[Data entries]
----

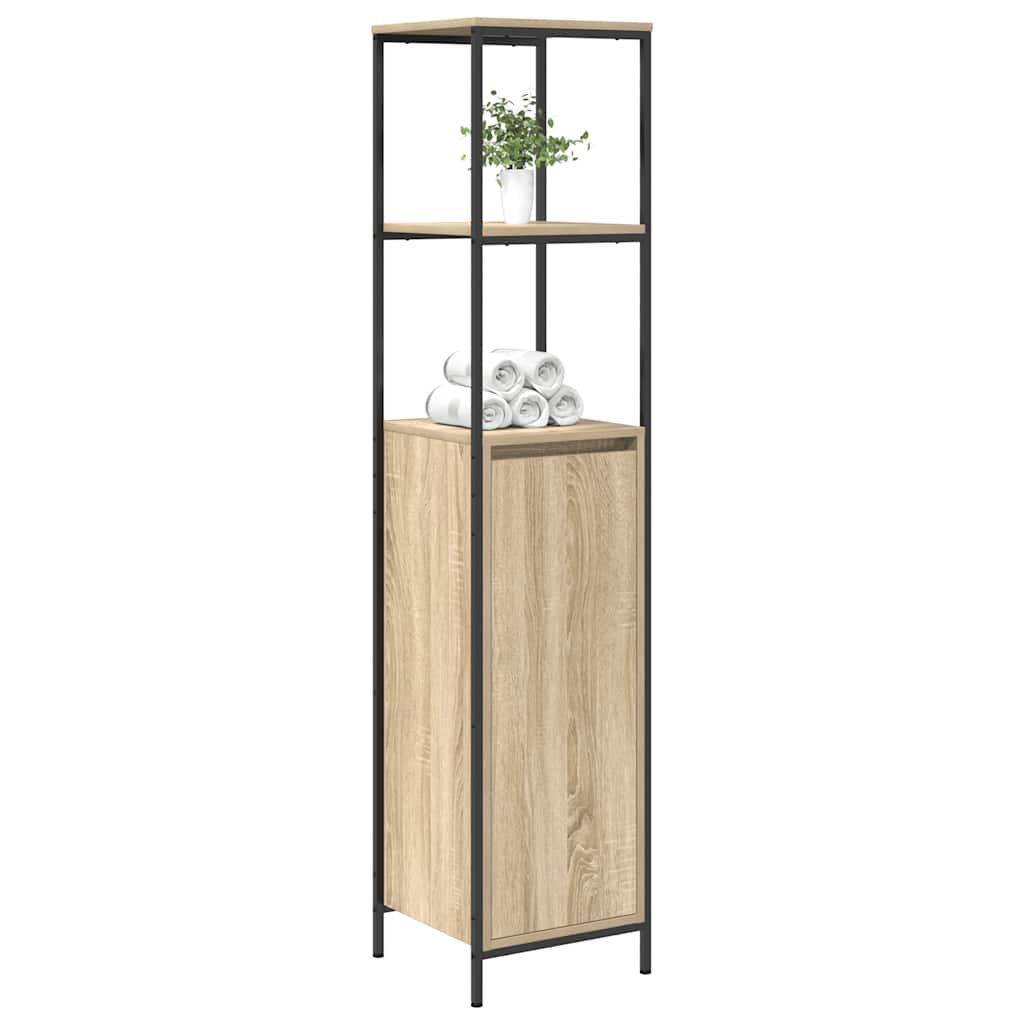 Bathroom Cabinet With Shelves Sonoma Oak 36X35X165 Cm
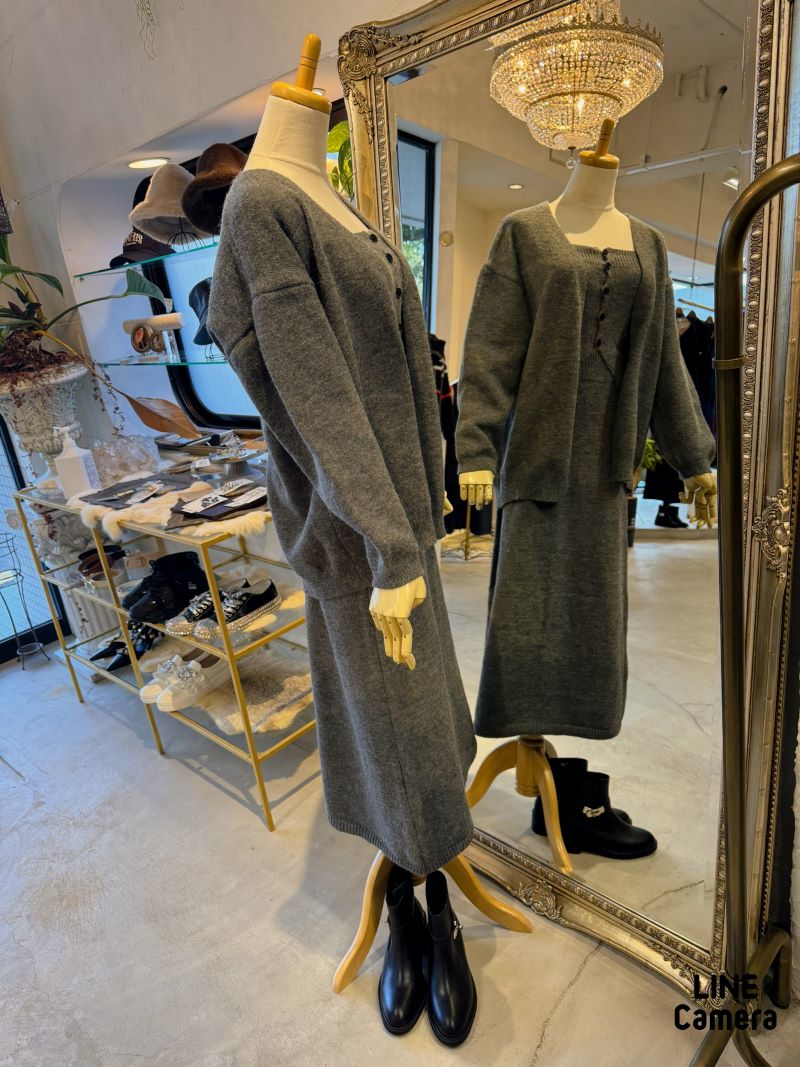 ニットベアTops＋カーディガン＋ニットスカート３点Set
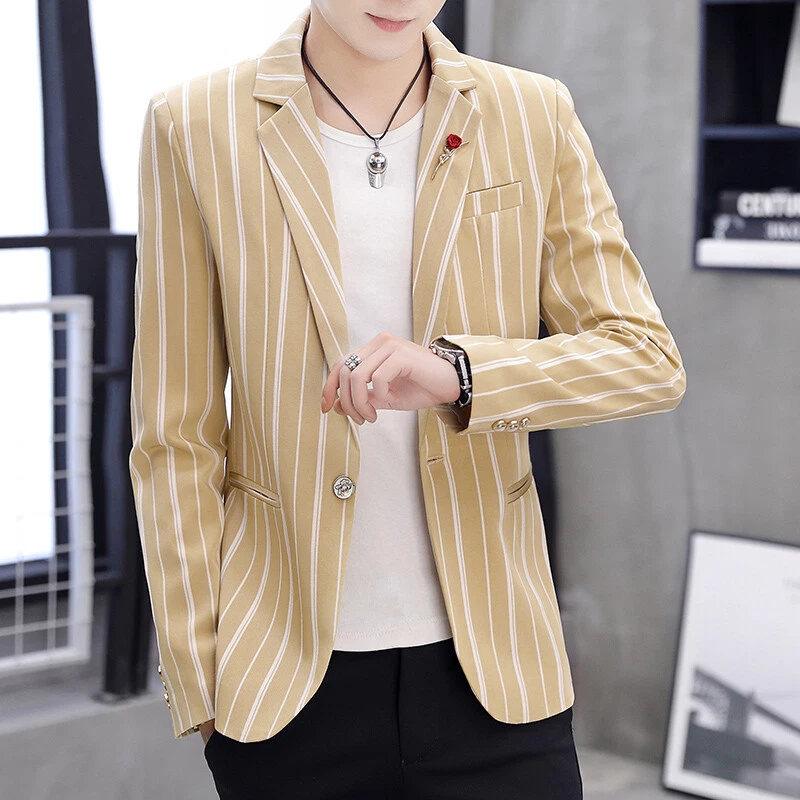 Beige outlet striped blazer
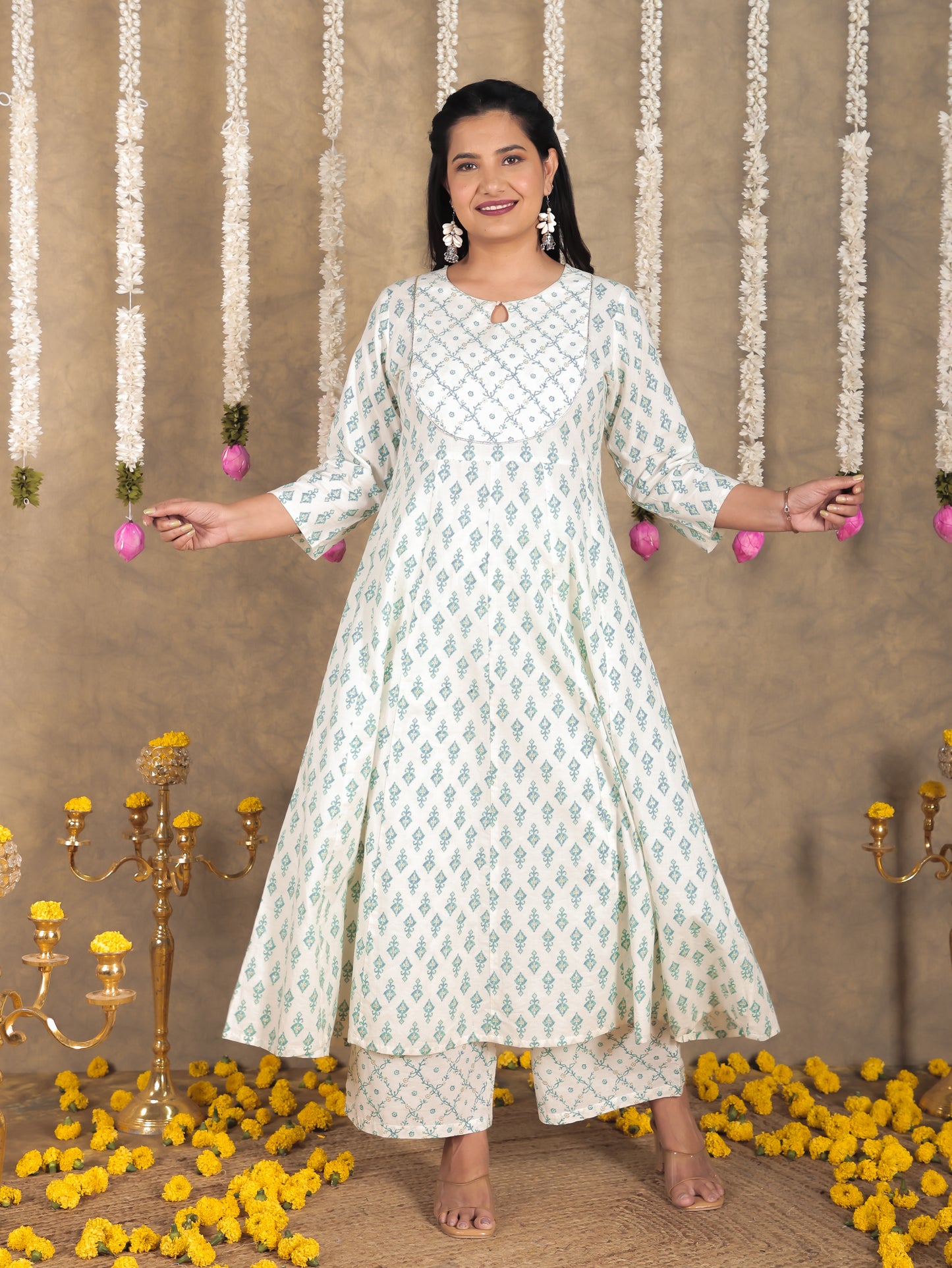 Soft Cotton Ikat Anarkali Green Kurta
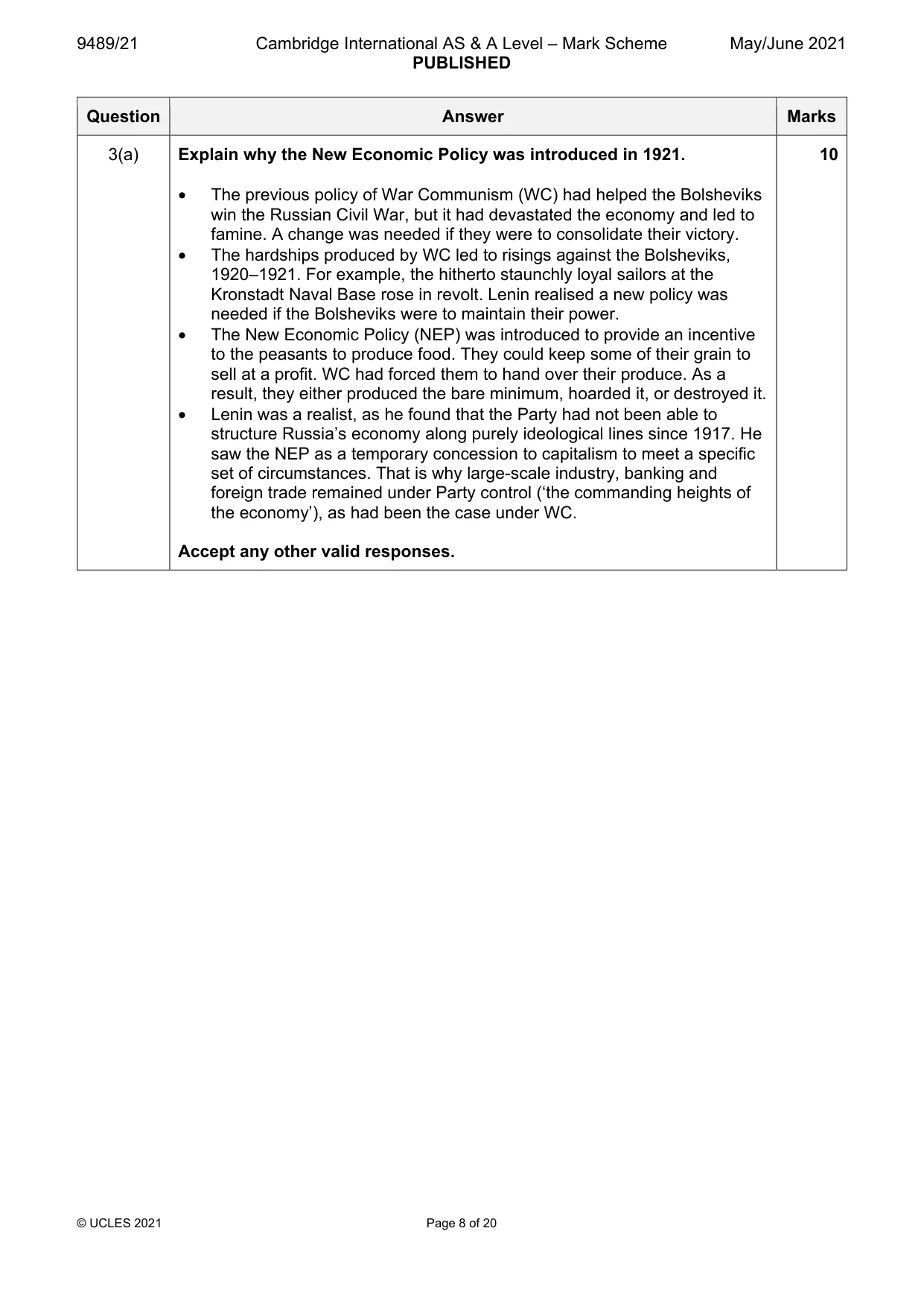 Mark scheme, page 8 of 20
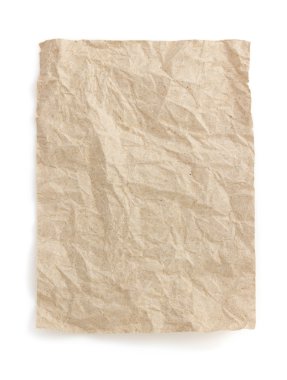 buruşuk bir not kağıdına beyaz 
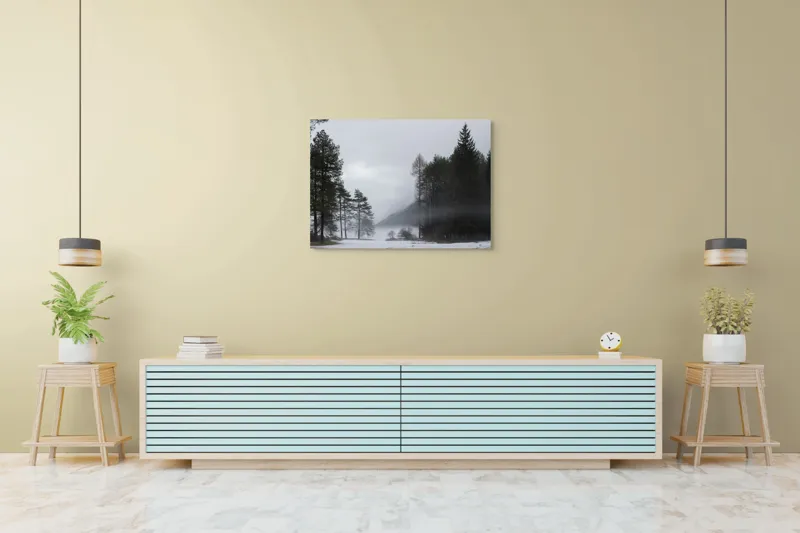 Tablou Canvas, "Peisaj de iarnă cu ceață misterioasă", Nor, Brazi, Iarnă, Ceață, Peisaj, Pădure, Munți, Cer, Liniște, Răcoare, 100 x 70 cm – poza 4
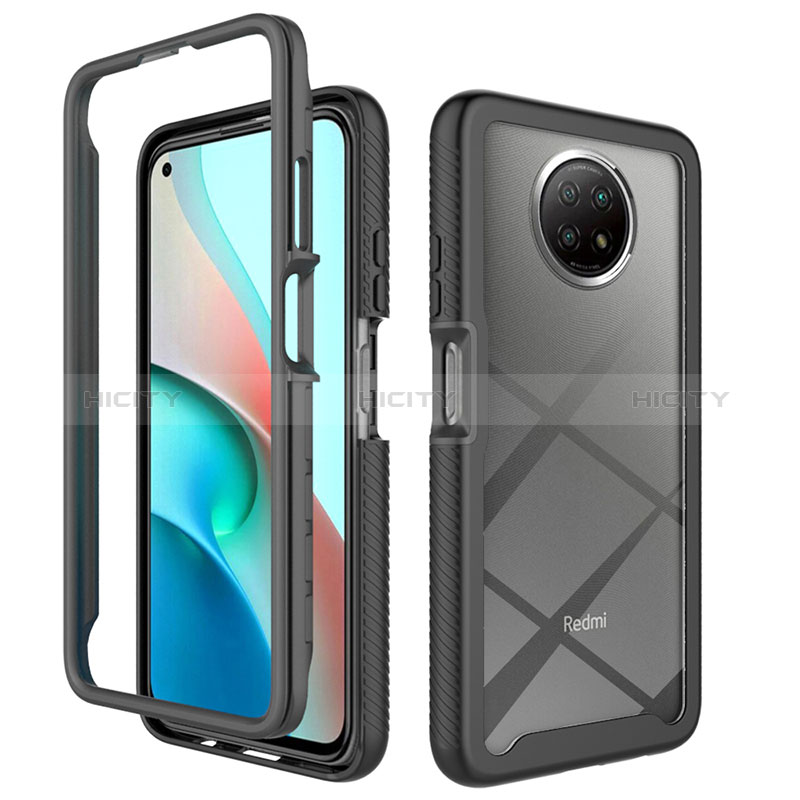 Silikon Schutzhülle Rahmen Tasche Hülle Durchsichtig Transparent 360 Grad Ganzkörper ZJ3 für Xiaomi Redmi Note 9 5G Schwarz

----

**Exercise aim:** Without the pictures, reproduce every record exactly as it appears above.

**Written response:**
 Bathroom Cabinet With Shelves Sonoma Oak 36X35X165 Cm
 ニットベアTops＋カーディガン＋ニットスカート３点Set
 Beige outlet striped blazer
 Soft Cotton Ikat Anarkali Green Kurta
 Mark scheme, page 8 of 20
 buruşuk bir not kağıdına beyaz 
 Tablou Canvas, "Peisaj de iarnă cu ceață misterioasă", Nor, Brazi, Iarnă, Ceață, Peisaj, Pădure, Munți, Cer, Liniște, Răcoare, 100 x 70 cm – poza 4
 Silikon Schutzhülle Rahmen Tasche Hülle Durchsichtig Transparent 360 Grad Ganzkörper ZJ3 für Xiaomi Redmi Note 9 5G Schwarz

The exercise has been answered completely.